Аналитики не раз приветствовали живительную моральную энергетику, пронизывающую ныне политическое тело Америки, энергетику решительности общества и гражданской преданности, питающую еще более весомый комплекс процессов — возрождение веры в правительство (и возможно, как считают некоторые прогрессисты, в восстановленное государство всеобщего благосостояния), возрождение культуры патриотизма и общественных связей, новый консенсус двух партий, окончание иронических и культурных войн, укрепление авторитета президентской власти. По мнению обозревателя газеты «Ю-эс-эй тудэй», президент Буш проявил особенную прозорливость после событий 11 сентября, когда пообещал себе и современному поколению американцев представить вещественные доказательства культурного обновления страны. «Буш сказал своим советникам, что он верит: угроза со стороны врага — это шанс для него и его сверстников, представителей поколения демографического взрыва, перестроить свою жизнь и доказать, что они обладают той же доблестью и твердостью, какую продемонстрировали их отцы во Второй мировой войне»82. События 11 сентября, принеся нам кошмарный спектакль смерти и последовавший за ним всеобщий страх, дали мертвой или умирающей культуре шанс на воскресение. После памятного сентябрьского дня Эндрю Салливан писал в «Нью-Йорк таймс мэгэзин», что Америка стала «более мобилизованной, более сознательной и, следовательно, более живой». На страницах этого же издания Джордж Пэккер говорил о том, что события 11 сентября породили «напряженность, горе, решимость и даже любовь». Он приводит свидетельство человека, оставшегося в живых после ударов по Всемирному торговому центру: «Мне нравится это состояние. Никогда в жизни не было подобной ясности». Здесь Пэккер добавляет: «Я тоже пропустил через себя это состояние, и мне это нравится». В сущности, замечает Пэккер, «сейчас я боюсь возвращения к нормальной жизни, к которой все мы как будто должны стремиться»83. В первую годовщину трагедии, когда родные и друзья погибших оплакивали свои утраты, Хитченс вновь подтвердил глубокое волнение, испытанное им 11 сентября и в последовавший затем год освободительной войны.

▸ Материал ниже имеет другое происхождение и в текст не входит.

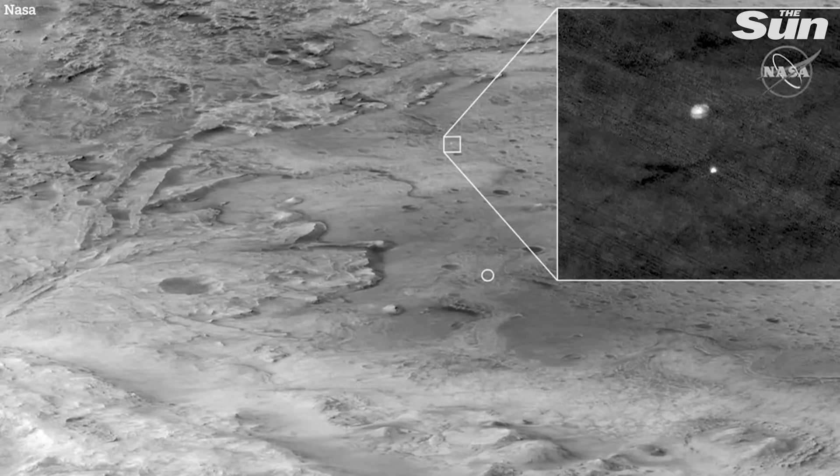You can see here in the zoomed-in part of the image in the upper right, our spacecraft with a fully inflated parachute and hanging underneath it, our protective entry capsule.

В тот день я разделял со всеми весь спектр чувств — от отвращения до ярости, но присутствовало во мне и еще нечто, что не было до конца для меня открыто. Сущность этого чувства стала для меня очевидной только поздним вечером. К моему удивлению (и удовольствию), оказалось, что это радостное возбуждение. Я не большой поклонник войн; когда мне в качестве иностранного корреспондента доводилось наблюдать боевые действия, меня бросало в дрожь. Но в тот день я стал свидетелем прямого, несомненного противостояния между всем, что я любил, и всем, что я ненавидел. С одной стороны — этика многокультурного, светского, скептического и космополитического общества. (Замечу кстати: все это я люблю.) С другой — бесплодное однообразие унылого и злобного теократического фашизма. Я готов к тому, что эта война будет продолжаться очень долго. Я никогда не устану вести ее, потому что она затрагивает самое сущностное. А еще потому, что это так интересно84.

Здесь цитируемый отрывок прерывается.